Being unfamiliar with the area, she pulled into a parking lot with “a lot of lights *** and *** a
lot of cars” in order to call Patsey for directions. While on the phone, Bugasch stepped out of
her car to read the sign on the building where she had parked to relay that information to Patsey.
When returning to her car, a large man wearing dark clothing and a stocking cap approached her
from behind, grabbed her cell phone, demanded her keys, and told her to get in the car. Bugasch
resisted and started to scream. The man pushed her to the ground, at which point she stood up
and ran into the building for help. The club’s manager, Helen Riggenbach, testified that she
immediately called police and scanned the club’s security cameras to determine if the attack had
been captured on tape, which it had.
{¶15} Officer William Aey testified that police were searching a nearby low-income
apartment complex when they saw Johnson standing in the hallway of the apartment complex.

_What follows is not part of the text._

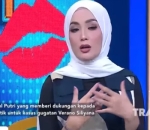 Dukungan Spesial Untuk Gotik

Police apprehended another suspect, however, that they thought matched the description issued
on the police radio. When officers brought Bugasch over to the neighborhood to identify the
suspect, she indicated that he was not the man who had attacked her because he was too thin and
had on a different colored jacket. Officer Aey returned to the Platinum Horse to view the video
recording himself and radioed out an updated description of the suspect to officers searching the
area. He headed back to the same neighborhood and saw Johnson again, still standing in the
hallway. Having recently viewed the suspect in the video, Officer Aey realized that Johnson
matched the size and look of Bugasch’s attacker, so he detained Johnson while Detective
McMillan drove Bugasch back to the area for purposes of identification. Once Bugasch
8
positively identified Johnson, police retrieved two cell phones from his coat pockets when they
searched him, one of which was Bugasch’s.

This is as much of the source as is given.